Come sta rispondendo l’industria della raffinazione a questo scenario in profonda evoluzione? A livello mondiale si sta assistendo a una forte e continua crescita della capacità di raffinazione in Medio Oriente e in Asia, luoghi dove la domanda sta tirando di più. Mentre al contrario, dopo un periodo di forte crisi, le lavorazioni nel vecchio continente sono diminuite: alcuni impianti in Europa e in Italia hanno cessato le attività e sono stati riconvertiti in depositi o bioraffinerie.

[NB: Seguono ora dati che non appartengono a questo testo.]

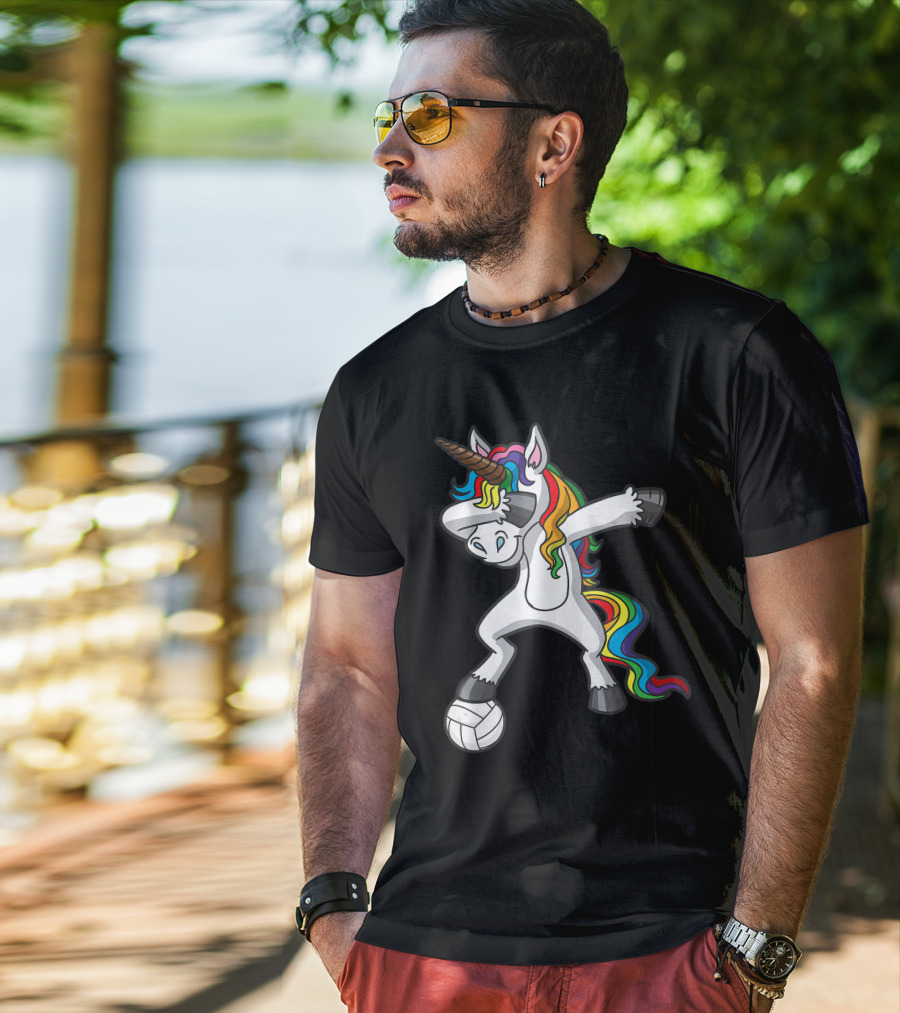 Dabbing Rainbow Unicorn Volleyball T-Shirt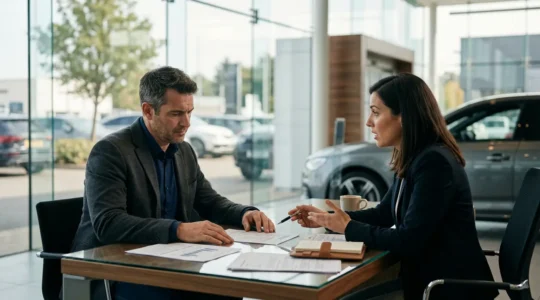 Vue d'une négociation de reprise automobile dans un showroom moderne avec client et conseiller commercial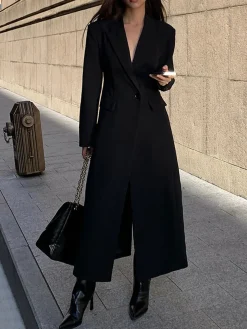 Collar Pocket Blazer Coat
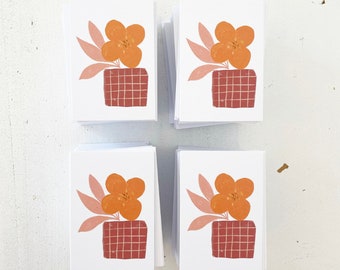 Minikarte Postkarte Anhänger A8 Kreide Blume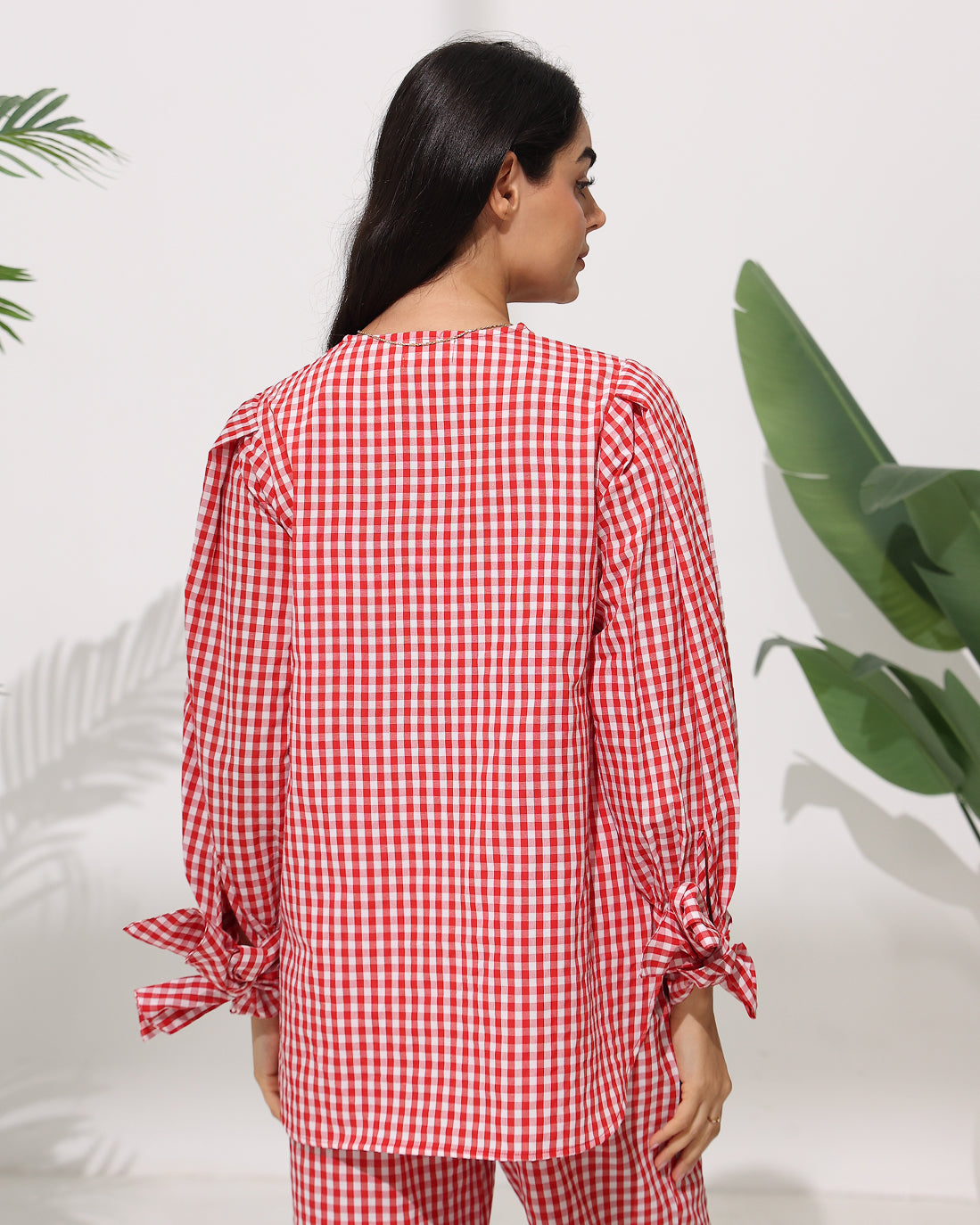 Gingham Check Co-ord Set with Tie Sleeve Detail — Red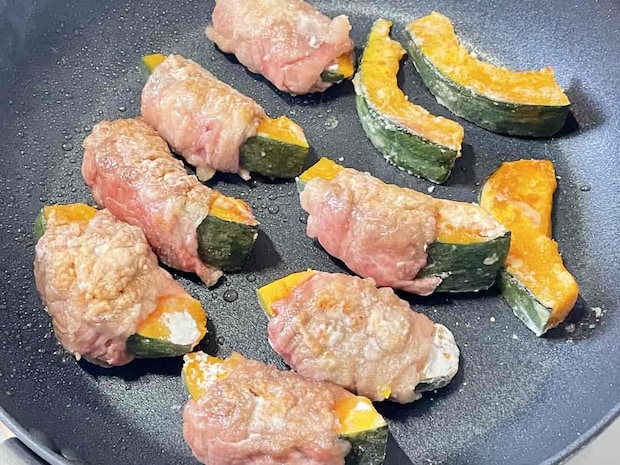 「かぼちゃの牛肉巻き」レシピ
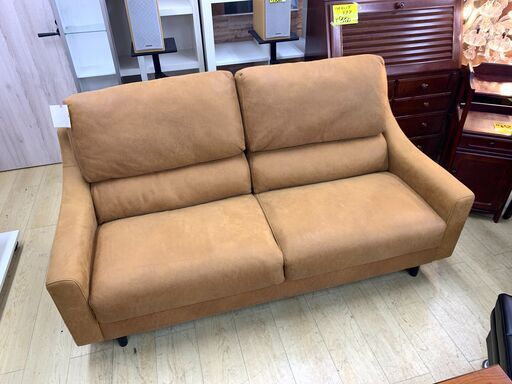 2人掛け ソファ ブラウン スウェード調 92×172×83　買取帝国朝霞店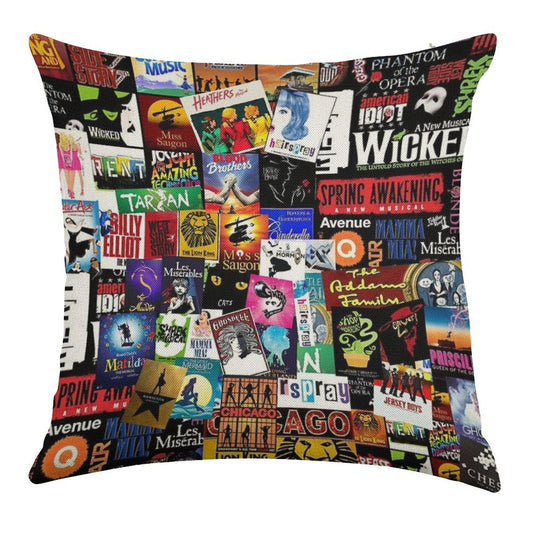 Musicals Collage II Original Linen Throw Pillow Cover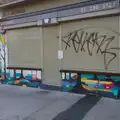 Street art on a shuttered shop, The Ukulele Hooley, People's Park, Dún Laoghaire, Ireland - 22nd August 2026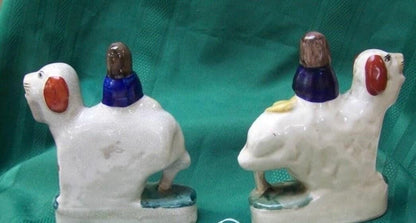 Staffordshire Spaniel Dog Figurines - Prince and Princess Pair
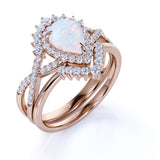 Antique 1.75 Ct Pear Cut Lab Created Opal Bridal Set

Quello che emerge da questo quadro è che l’Europa e l’Italia stanno di fatto lentamente rinunciando alla loro storica e strategica leadership sulla raffinazione a vantaggio di paesi dove sicuramente i consumi oil cresceranno di più, ma dove al contempo i vincoli dettati dalle normative ambientali sono e saranno meno stringenti. Oltre quindi ai danni per l’economia e l’occupazione del Vecchio Continente, se le raffinerie europee continueranno a cedere il passo a quelle asiatiche si rischia di vanificare gran parte dei progressi fatti a tutela dell’ambiente, tecnologici e regolatori. Un vero e proprio paradosso, che in qualche caso estremo conduce all’importazione dall’est di prodotto di qualità non corrispondente agli standard europei, a prezzi sorprendentemente bassi, che giunge nei porti italiani per vie talvolta opache.